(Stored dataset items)
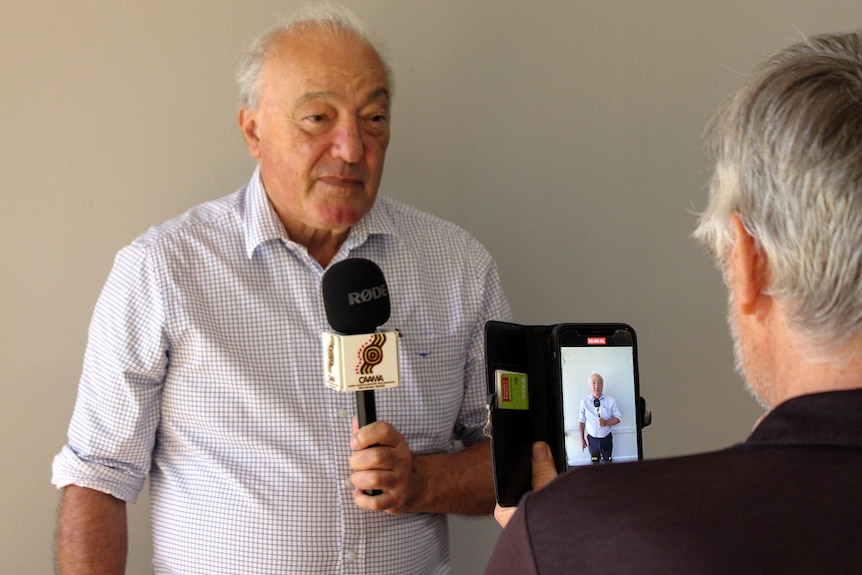 Dr Mike Freelander stands up against a wall holding a microphone as he gets his picture taken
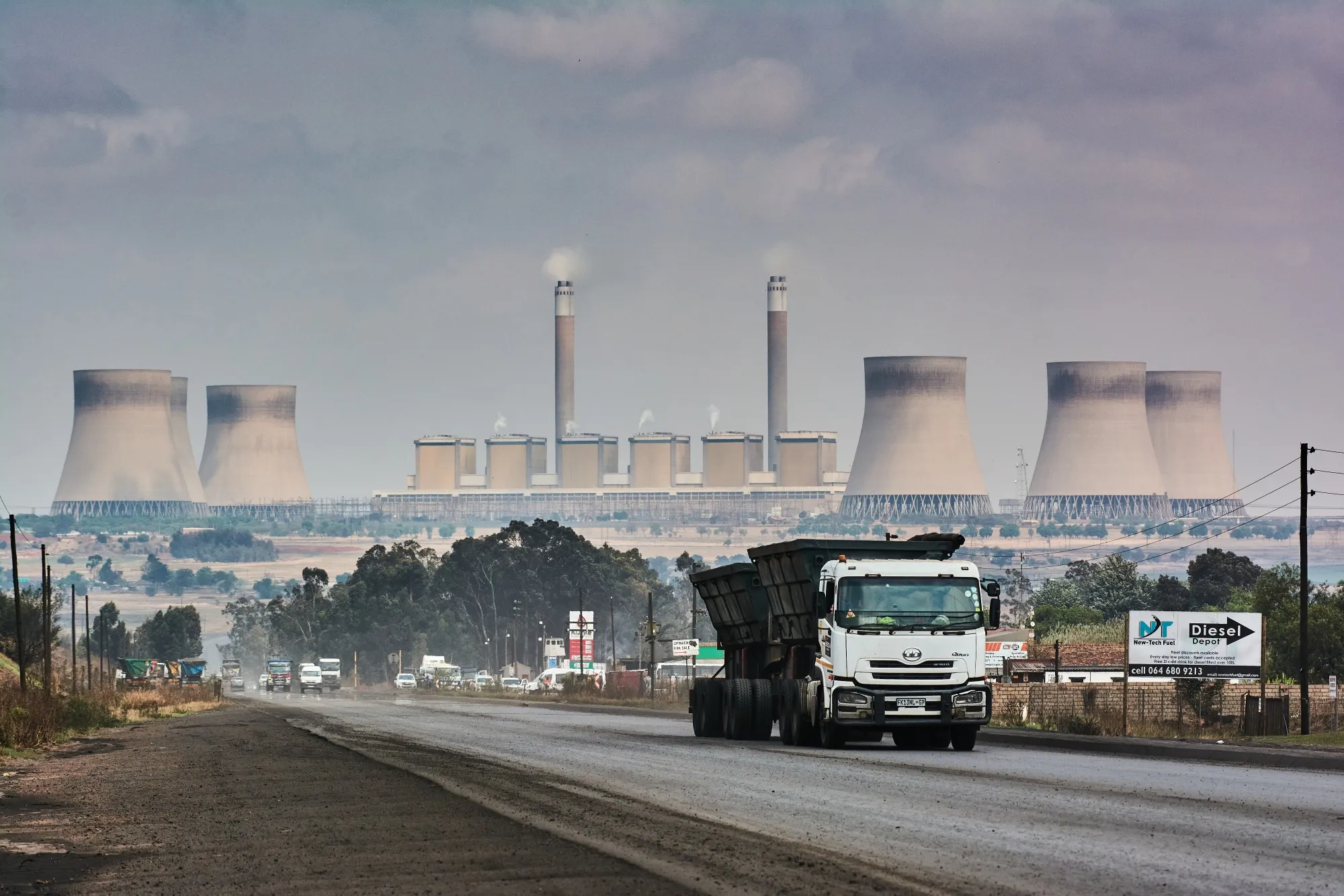 A truck drives by the Kendal coal-fired power station, operated by Eskom Holdings SOC Ltd., in Mpumalanga, South Africa.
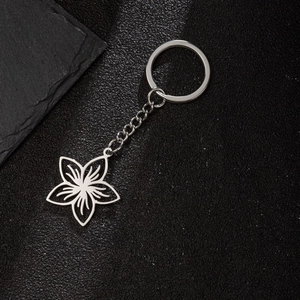 Detailed macro shot of stainless steel floral keychain with intricate leaf textures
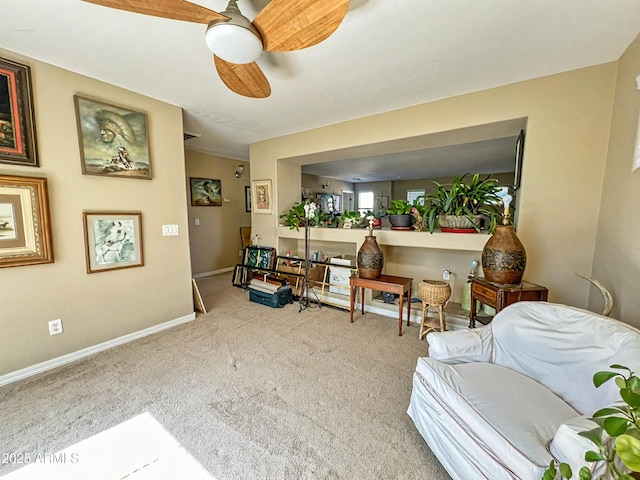 4939 W Harwell Rd, Laveen, AZ 85339 - sitting room with carpet, a ceiling fan, and baseboards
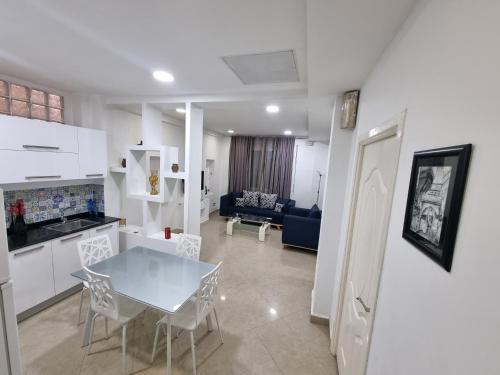 a kitchen and living room with a table and chairs at Hydra Résidence Privée in Hydra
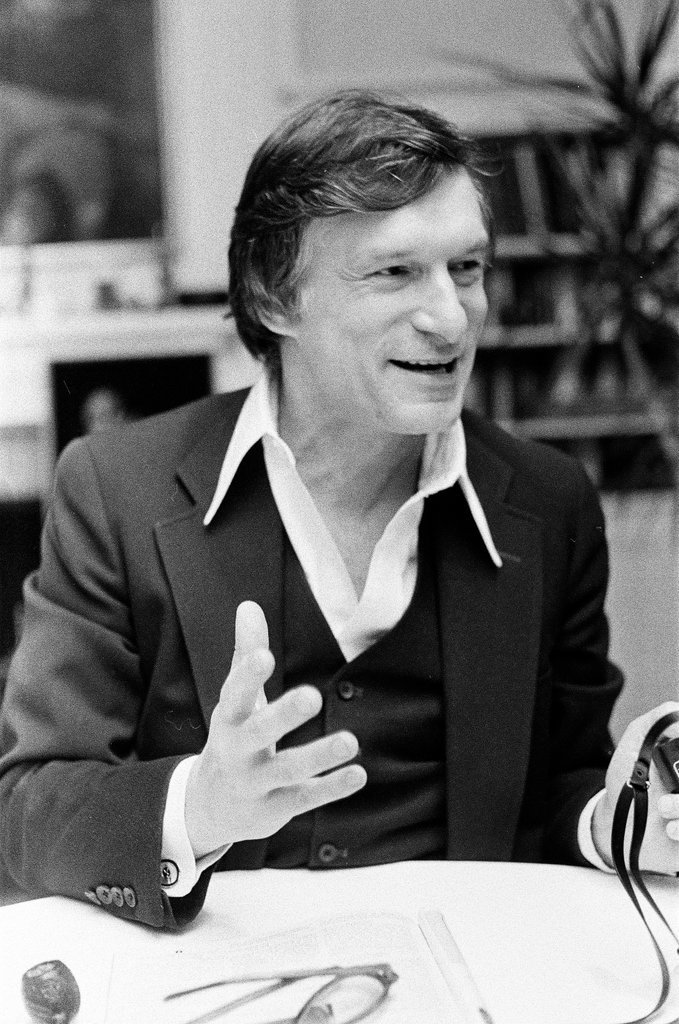 Hugh Hefner sits at desk - Chicago Sun-Times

_What to produce_
Restate the lines of the records exactly, starting at the first and stopping after the line with "Detailed macro shot". Leave out any picture.

_Expected answer_
 Dr Mike Freelander stands up against a wall holding a microphone as he gets his picture taken
 A truck drives by the Kendal coal-fired power station, operated by Eskom Holdings SOC Ltd., in Mpumalanga, South Africa.
 Detailed macro shot of stainless steel floral keychain with intricate leaf textures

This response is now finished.